In plain English, this expression says: For every year, return the breach with the highest number of individuals. Not only will it label the 2015 outlier I found earlier, this LOD expression will also help identify whether the yearly single largest breach will be similar in magnitude to the 2015 outlier.

Let’s break it down a little further, focusing on one half of the expression at a time.

FIXED DATETRUNC('year', [Year of Breach])

This looks a bit scary, right? But that’s just because the DATETRUNC part is the syntax for the Year of Breach field when the pill is green (continuous). I didn’t even write that part of the expression myself; I just dragged the pill into the calculated field box:

I think of the field in this part of the expression (Year of Breach) as a group or category. Each of the group’s members has its own row, and the LOD expression gives Tableau instructions for what value to return for each member.

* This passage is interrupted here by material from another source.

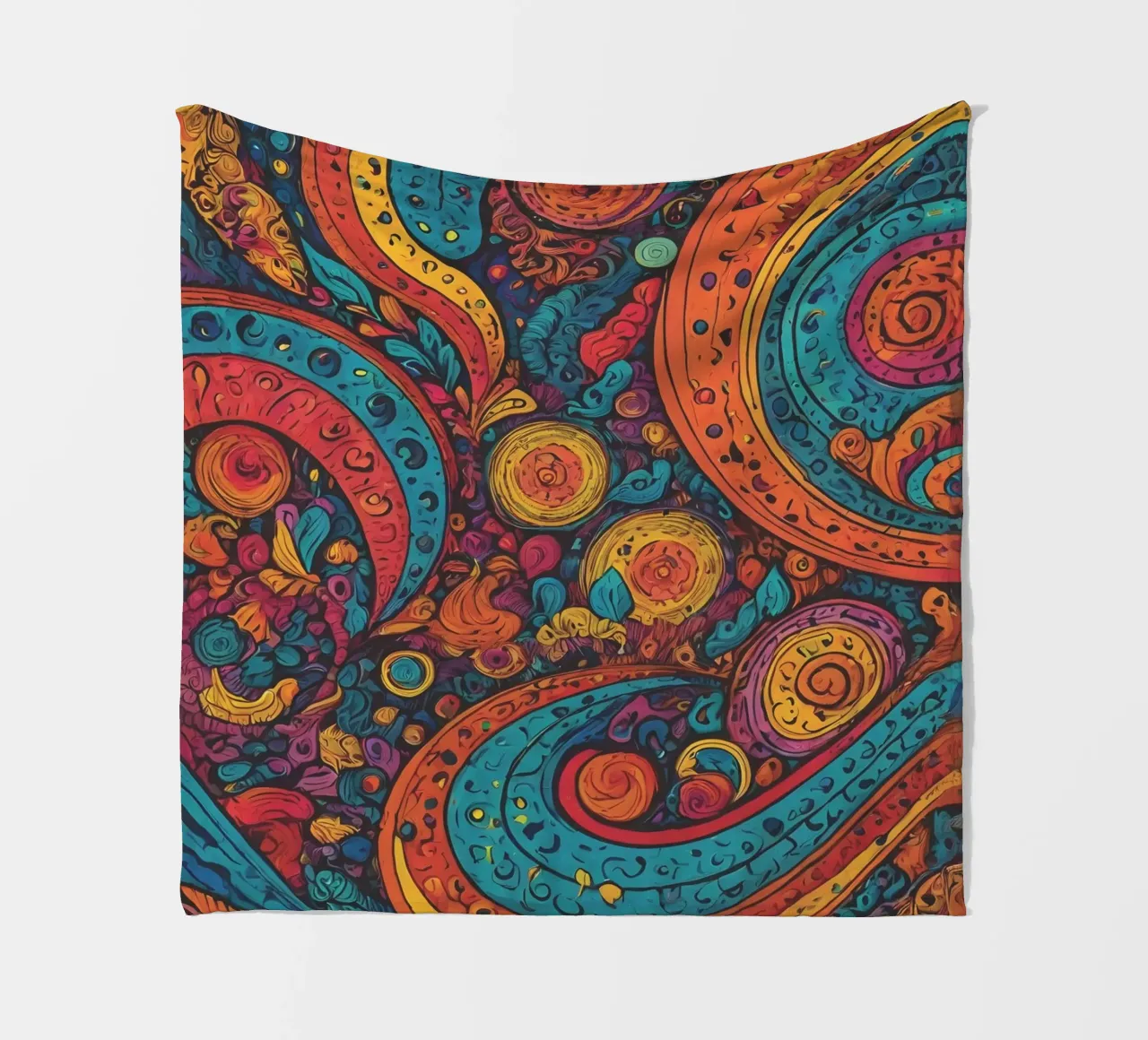 Psychedelic Pattern fleece blanket by Charnwood Prints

Because my dataset covers the years 2010 to 2021, there are 12 members in this group, so if I were to imagine a table, it would look like this (keep in mind that the column next to it is empty at the moment—‘Abc’ is a placeholder—because we haven’t specified what to put in there yet):

Now, let’s look at the second part of the expression:

MAX([# of Individuals Affected])

These are the instructions we will give Tableau to get what we want, which is the largest value out of all the values (# of Individuals Affected) corresponding to a member of the group (one year out of 12 for Year of Breach).

For example, Tableau is looking at all the values for # of Individuals Affected for 2015 here:

Then, Tableau will pick out the highest value corresponding to this member of the group for us.

In table form, we can now fill in the second column of the table from earlier:

To sum up, I like to begin by thinking about fixed LODs as a table, in order to imagine the columns/column titles I need, as well as the output values that will populate the new column as created by this calculated field.

Once I’ve imagined what the table needs to look like, that’s when I’ll start thinking about the LOD expression in plain English:

For every [member in the specified group/field], return the [desired value — and write out the instructions for calculating this value].

Only after all that do I start writing the actual LOD expression with proper syntax. Then I’ll check that it’s been written correctly by checking it against the data (like the breach that affected almost 80 million people).

Am I all done? For this step, yes, but the next thing to do is to think about how best to represent these outliers. For example, I could show the same chart from the beginning with and without the outliers using a parameter, via a bar-in-bar chart, etc. The possibilities are endless!